|Kurt Busch was dominant at Infineon on Sunday on the way to his first|
road course win. Credit: Robert Laberge/Getty Images for NASCAR
After a double dose of road course racing in NASCAR, drivers’ tempers were flaring and emotions were on high after the Sprint Cup Series converged on Infineon and the Nationwide Series visited Road America. In the past few years, the beatin’ and bangin’ at the road courses has produced the drama between drivers that was once a staple of NASCAR’s short tracks.
In this week’s Motor Mouth, we’ll look at how one team who seemingly broke down at one of those short tracks overcame their struggles to find victory at Infineon, as well as my thoughts on the place of road courses in NASCAR’s schedule.
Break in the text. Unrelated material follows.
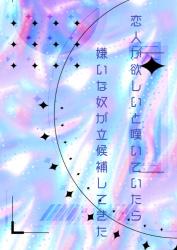 恋人が欲しいと嘆いていたら嫌いな奴が立候補してきた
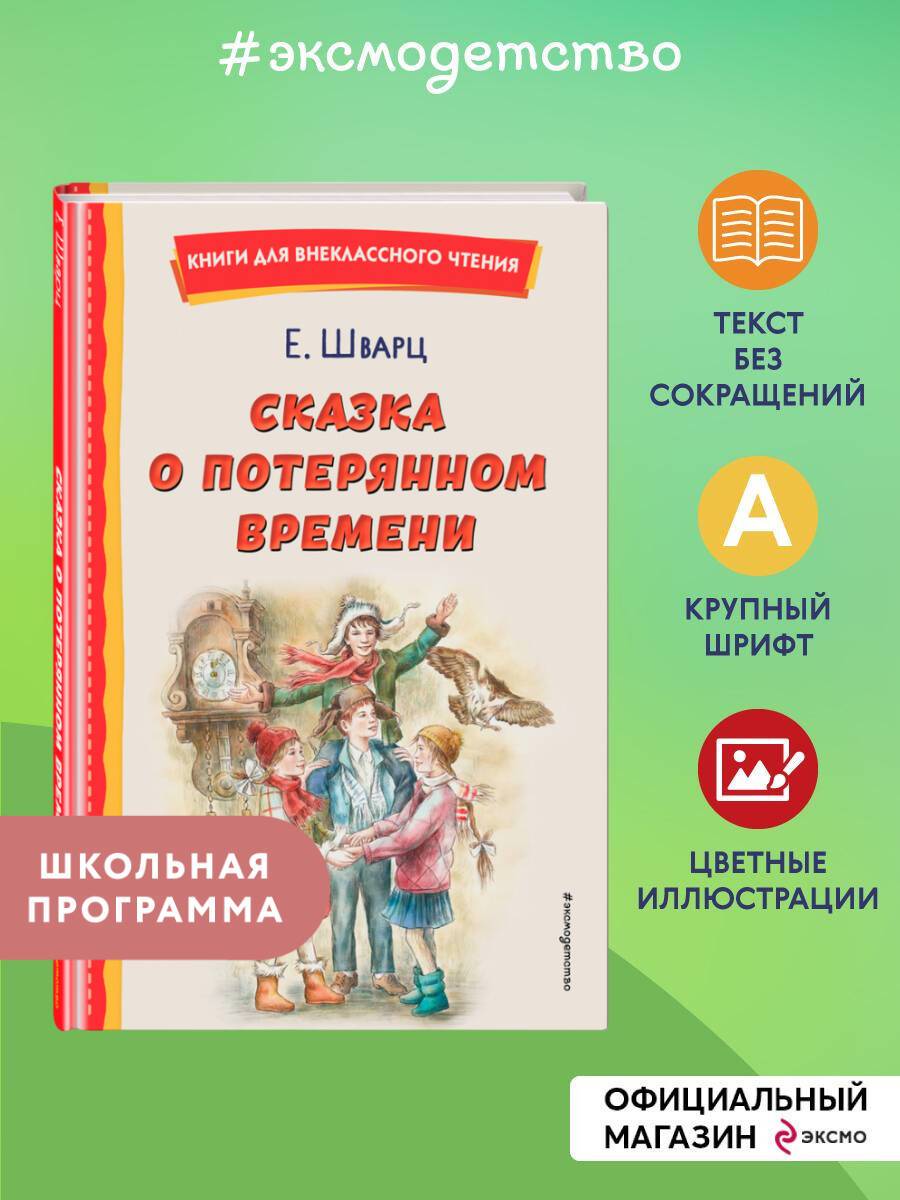 Сказка о потерянном времени. Внеклассное чтение | The Tale of Lost Time and Other Stories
PENSKE'S TURNAROUND PROPELS BUSCH
At Richmond, where we saw more drivers lash out at their own teams than each other, it was one of these driver/team combinations who turned it around to become the cream of the crop at Infineon.
In less than two months since that fateful day at Richmond, Penske Racing implemented some much needed change to its struggling Sprint Cup program after Kurt Busch launched a profanity-filled scanner tirade directed at his team. Busch had been running three laps down, doomed to finish 22nd. It was the straw that broke the camel’s back, the buildup of frustration after the season had started out so promising for the No. 22.
Busch began the year in victory lane, with non-points wins at the Budweiser Shootout and first Gatorade Duel, and soared to four top-10 finishes in the first four races, even holding the series points lead early on. But that success would give way to five straight finishes outside the top 10, which Busch would later tell his team was far from where they needed to be to compete for the title.
“It honestly was, hey, do we want to make this Chase? We’ve got to make some changes. Let’s look at how we can evaluate what we were doing because heading in the direction we were, we were scraping those top 10s or may be running 15th. That’s not going to get it done when you want to win the championship,” Busch said at Pocono.
In the six races following his infamous rant, Busch went on to win three straight poles, at Kansas, Pocono and Michigan, and finished four of those races in the top 11. Busch led a race-high 152 laps at Kansas before fuel strategy worked against him, opening the door for his teammate Brad Keselowski to score Penske Racing’s first Cup win of the season. Then Busch followed up Kansas with another strong performance at Pocono, finishing second.
Within a relatively short time, Penske had picked up its game, big time. Though Busch was criticized for his rants against his team, it was clear Penske was acting on the former Sprint Cup champion’s concerns, and it was paying dividends. The No. 22 and No. 2 teams were working together more closely, and judging from the pickup in performance, it would be only a matter of time before Busch followed his teammate into victory lane. That it would be at a road course, though, was perhaps the only surprise.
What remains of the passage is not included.